Source data:
* * * * *
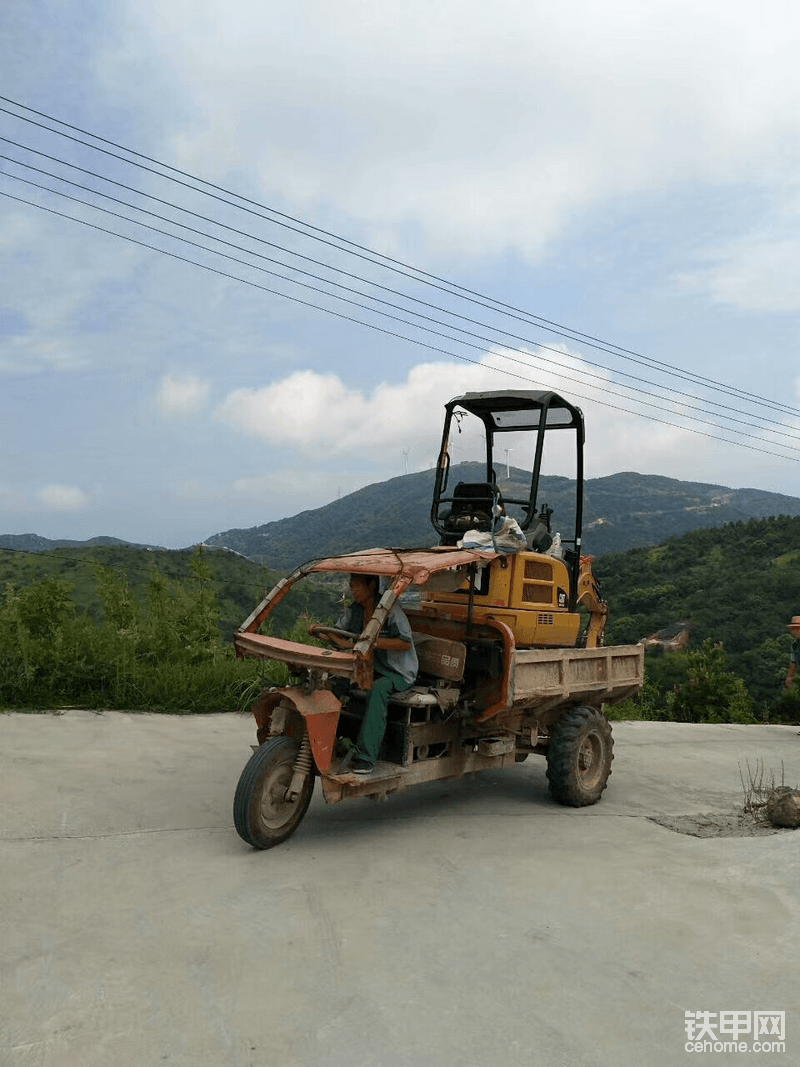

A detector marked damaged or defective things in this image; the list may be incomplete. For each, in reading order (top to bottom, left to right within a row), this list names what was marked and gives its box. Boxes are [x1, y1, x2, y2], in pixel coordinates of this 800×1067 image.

rusty cargo tricycle [230, 392, 644, 849]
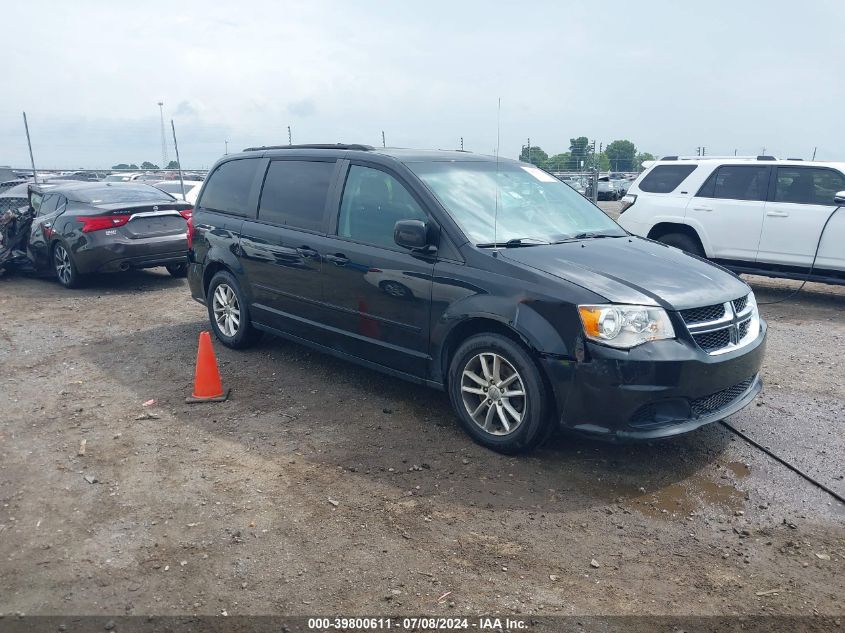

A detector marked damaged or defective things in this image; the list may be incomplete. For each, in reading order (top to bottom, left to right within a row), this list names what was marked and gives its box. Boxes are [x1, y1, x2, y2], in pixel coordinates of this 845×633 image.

damaged vehicle [25, 179, 194, 286]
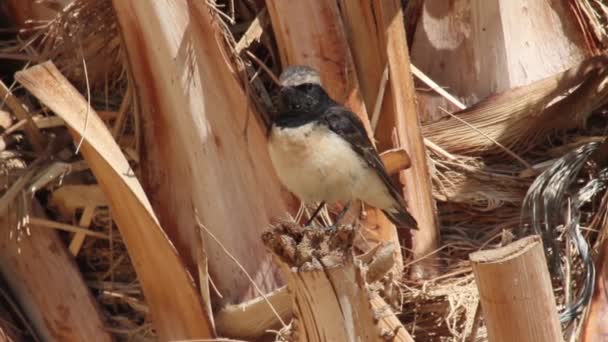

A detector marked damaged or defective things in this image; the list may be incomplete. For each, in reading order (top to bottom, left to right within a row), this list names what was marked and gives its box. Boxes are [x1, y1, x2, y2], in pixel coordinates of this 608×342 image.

broken wood stub [262, 223, 414, 342]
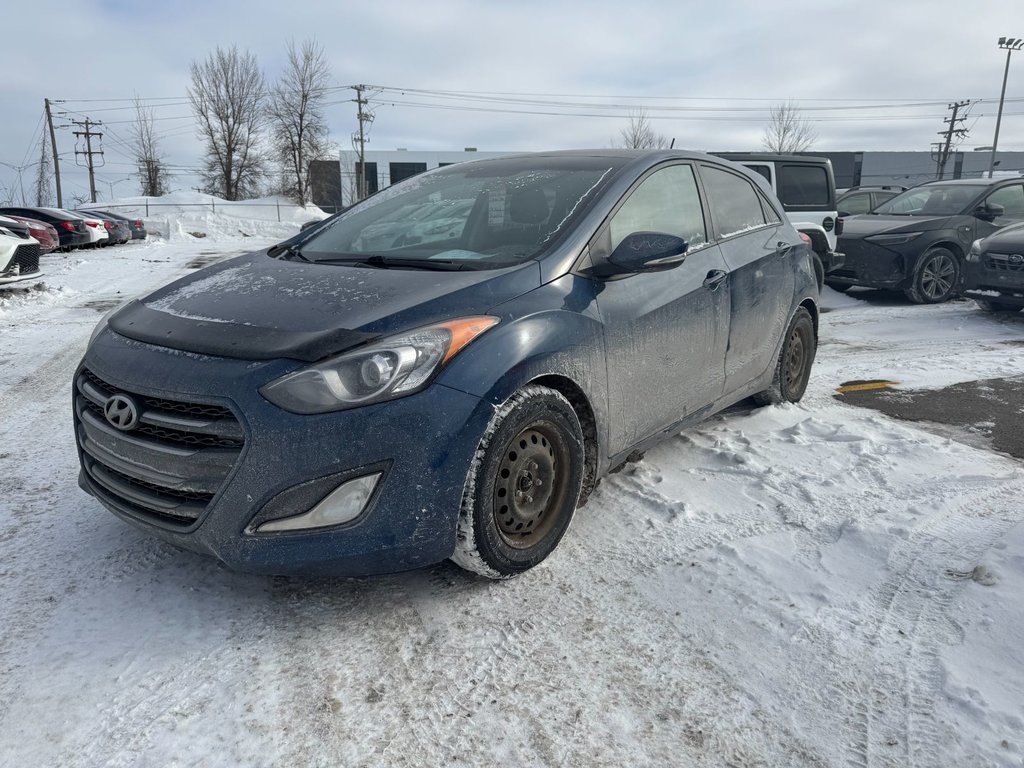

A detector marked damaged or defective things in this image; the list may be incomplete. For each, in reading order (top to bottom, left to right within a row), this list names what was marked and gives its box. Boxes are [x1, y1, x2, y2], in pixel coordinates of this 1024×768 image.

asphalt patch [835, 376, 1024, 460]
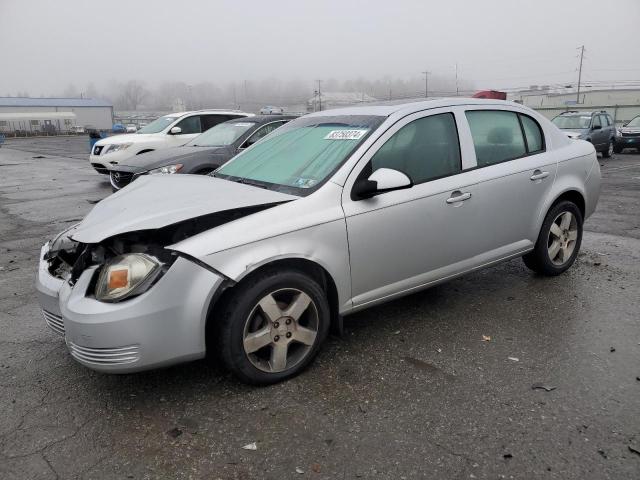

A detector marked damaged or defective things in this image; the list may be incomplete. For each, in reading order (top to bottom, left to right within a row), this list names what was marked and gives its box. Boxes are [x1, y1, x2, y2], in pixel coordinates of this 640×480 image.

damaged hood [71, 174, 296, 244]
cracked headlight [95, 253, 161, 302]
front end damage [35, 204, 282, 374]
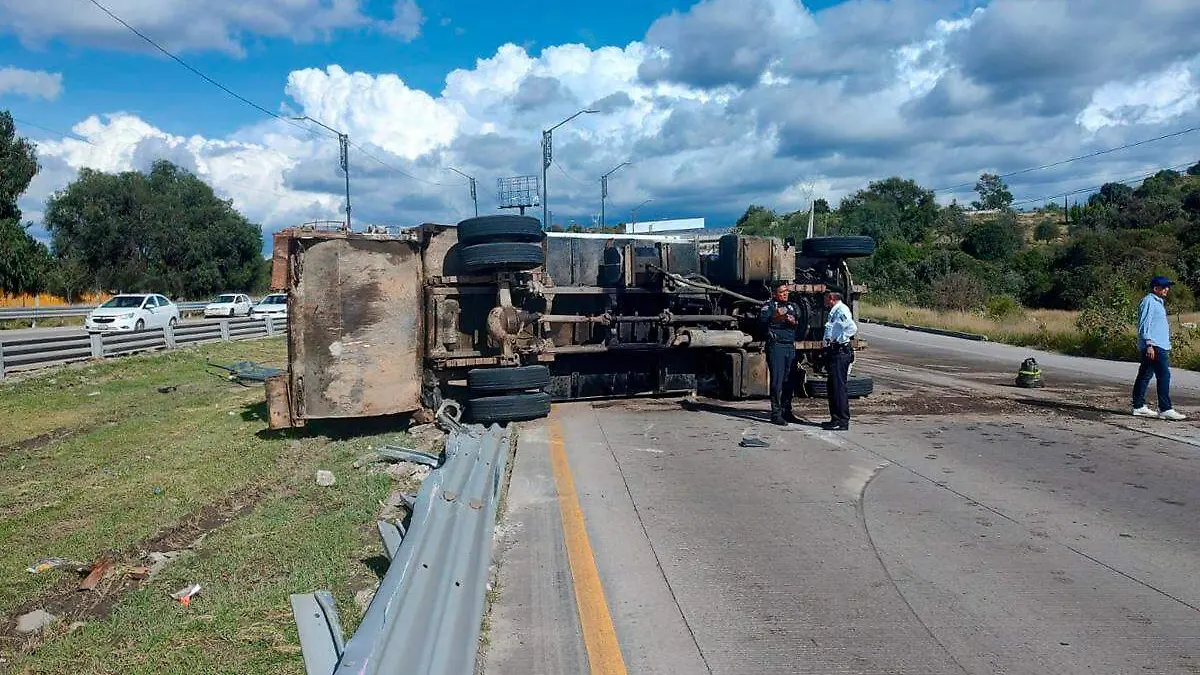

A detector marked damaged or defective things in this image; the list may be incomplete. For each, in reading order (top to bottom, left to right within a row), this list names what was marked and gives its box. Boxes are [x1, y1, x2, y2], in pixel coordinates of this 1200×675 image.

damaged guardrail [0, 316, 286, 380]
rusty metal surface [288, 236, 424, 418]
exposed truck chassis [264, 219, 872, 430]
overturned truck [268, 215, 876, 428]
damaged guardrail [296, 422, 516, 675]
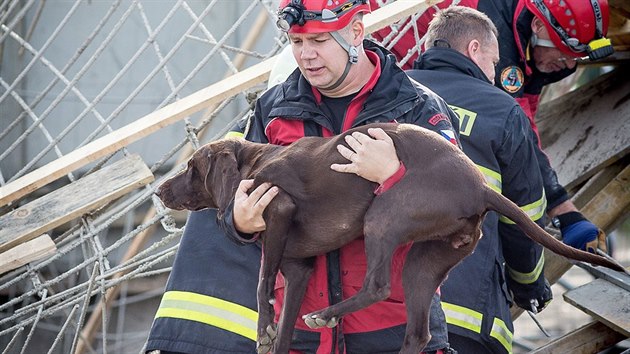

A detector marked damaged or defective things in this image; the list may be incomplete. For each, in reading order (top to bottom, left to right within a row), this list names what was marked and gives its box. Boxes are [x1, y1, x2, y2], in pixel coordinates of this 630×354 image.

broken wood plank [0, 0, 444, 209]
broken wood plank [540, 65, 630, 191]
broken wood plank [0, 153, 154, 253]
broken wood plank [0, 234, 55, 276]
broken wood plank [532, 320, 628, 354]
broken wood plank [564, 278, 630, 336]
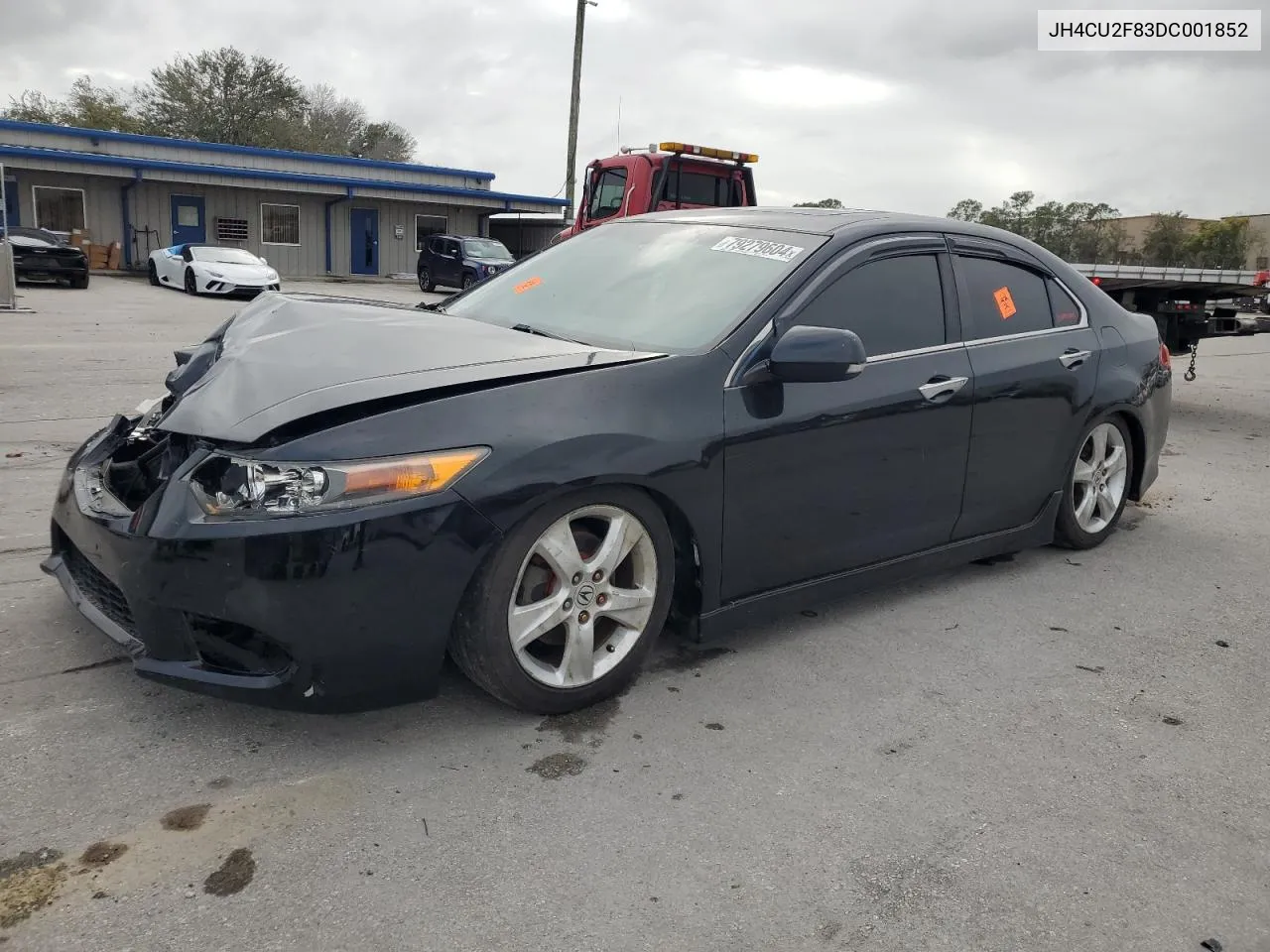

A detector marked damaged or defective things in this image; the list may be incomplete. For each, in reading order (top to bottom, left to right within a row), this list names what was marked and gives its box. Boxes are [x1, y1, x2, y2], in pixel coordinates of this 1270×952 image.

damaged hood [156, 293, 665, 446]
broken headlight [185, 449, 487, 518]
crushed front bumper [41, 416, 495, 710]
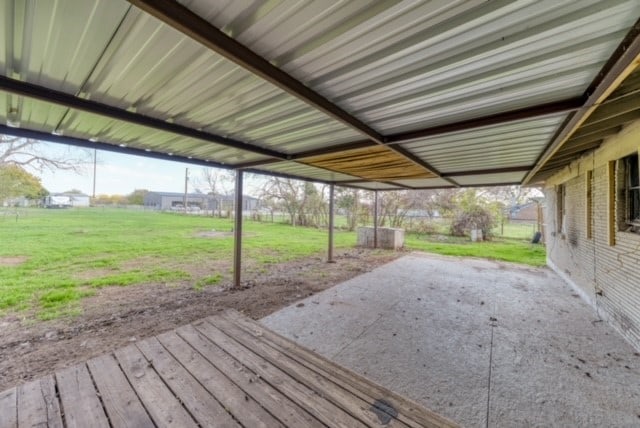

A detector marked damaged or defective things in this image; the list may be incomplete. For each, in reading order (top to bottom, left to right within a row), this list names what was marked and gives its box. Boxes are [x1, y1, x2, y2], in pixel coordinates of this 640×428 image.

cracked concrete [260, 252, 640, 426]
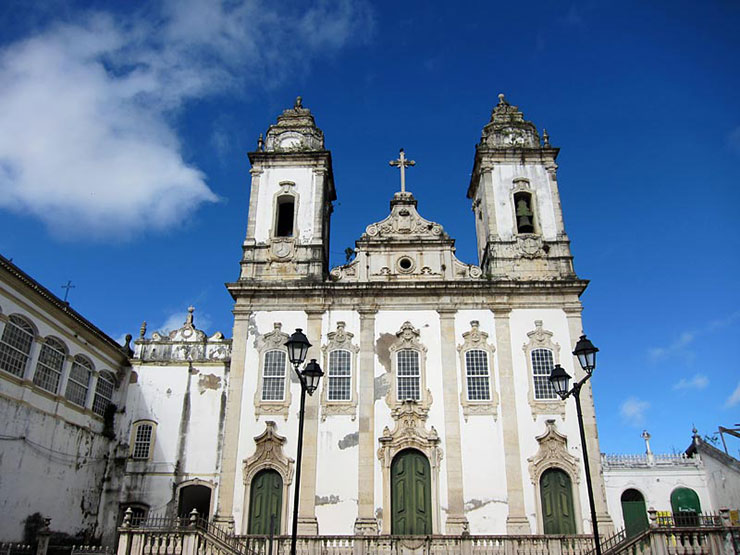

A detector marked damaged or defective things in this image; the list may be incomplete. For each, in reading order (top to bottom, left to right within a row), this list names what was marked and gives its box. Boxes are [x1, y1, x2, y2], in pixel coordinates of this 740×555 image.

peeling paint on wall [376, 332, 394, 372]
peeling paint on wall [197, 374, 220, 396]
peeling paint on wall [372, 376, 390, 402]
peeling paint on wall [338, 432, 358, 450]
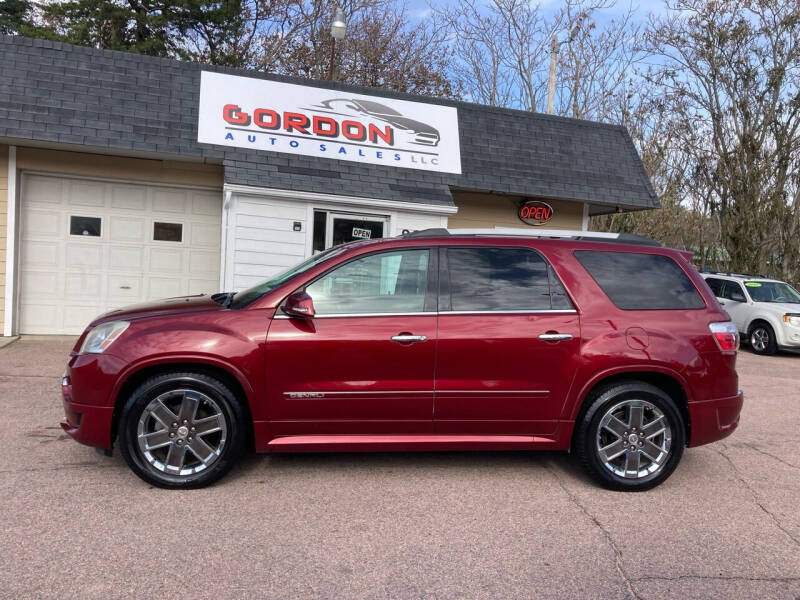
* * * * *
■ What you are asked to do
All entries above should be printed exactly, though without their pictures.

■ Written answer
A detector marked damaged or defective things in this image; the list may be incomplete. For each, in reading order (top to bottom, left to right within a row), this list names what was marked and gives its box. Boxes are [x1, y1, x2, y2], in pixel coordinates of this 800×1067 image.

rusty cargo tricycle [230, 392, 644, 849]

A detector marked damaged or defective things in this image; the list may be incomplete. For each, in reading order (top to bottom, left to right within a row), this list names what was marked and gives its box. Boxes are [x1, y1, x2, y2], in pixel coordinates of this 845×633 image.

damaged vehicle [25, 179, 194, 286]

A detector marked damaged or defective things in this image; the list may be incomplete. For each, in reading order (top to bottom, left to right within a row), this list names what was marked and gives its box. Boxes are [x1, y1, x2, y2], in pixel coordinates of this 608×342 image.

broken wood stub [262, 223, 414, 342]

A detector marked damaged or defective things in this image; the list may be incomplete. For each, in reading order (top to bottom, left to right within a row), this list names what was marked and gives its box. Boxes are [x1, y1, x2, y2], in pixel coordinates of this 1024×768 image.

asphalt patch [835, 376, 1024, 460]

A detector marked damaged or defective things in this image; the list may be incomplete. For each, in reading order (top to bottom, left to right within a row), this list names what was marked and gives its box. Boxes are [x1, y1, x2, y2], in pixel coordinates of this 640×480 image.

damaged hood [71, 174, 296, 244]
cracked headlight [95, 253, 161, 302]
front end damage [35, 204, 282, 374]

A detector marked damaged or defective things in this image; the list may be incomplete. For each, in reading order (top to bottom, left to right within a row), this list names what was marked and gives its box. Boxes are [x1, y1, x2, y2], in pixel coordinates of this 1200×675 image.

damaged guardrail [0, 316, 286, 380]
rusty metal surface [288, 236, 424, 418]
exposed truck chassis [264, 219, 872, 430]
overturned truck [268, 215, 876, 428]
damaged guardrail [296, 422, 516, 675]

A detector marked damaged or defective things in this image; the list may be incomplete. For each, in reading order (top to bottom, left to right within a row), this list names what was marked and gives its box. Boxes are [x1, y1, x2, y2], in pixel coordinates of this 630×354 image.

broken wood plank [0, 0, 444, 209]
broken wood plank [540, 65, 630, 191]
broken wood plank [0, 153, 154, 253]
broken wood plank [0, 234, 55, 276]
broken wood plank [532, 320, 628, 354]
broken wood plank [564, 278, 630, 336]

A detector marked damaged or defective things in this image; the list may be incomplete. For each, in reading order (top to bottom, left to right within a row), this list names what was marked and gives its box. Boxes are [x1, y1, x2, y2], in pixel coordinates of this 1270×952 image.

damaged hood [156, 293, 665, 446]
broken headlight [185, 449, 487, 518]
crushed front bumper [41, 416, 495, 710]

A detector marked damaged or defective things in this image; the list may be incomplete. For each, in reading order (top to bottom, left to right within a row), this list names what was marked and gives its box. Boxes are [x1, y1, x2, y2], in pixel coordinates of this 640×428 image.

cracked concrete [260, 252, 640, 426]

A detector marked damaged or defective things in this image; the list may be incomplete. For each, in reading order (top to bottom, left to right within a row), this list names what was marked and gives its box. Boxes are [x1, y1, x2, y2], in pixel coordinates of this 740×555 image.

peeling paint on wall [376, 332, 394, 372]
peeling paint on wall [197, 374, 220, 396]
peeling paint on wall [372, 376, 390, 402]
peeling paint on wall [338, 432, 358, 450]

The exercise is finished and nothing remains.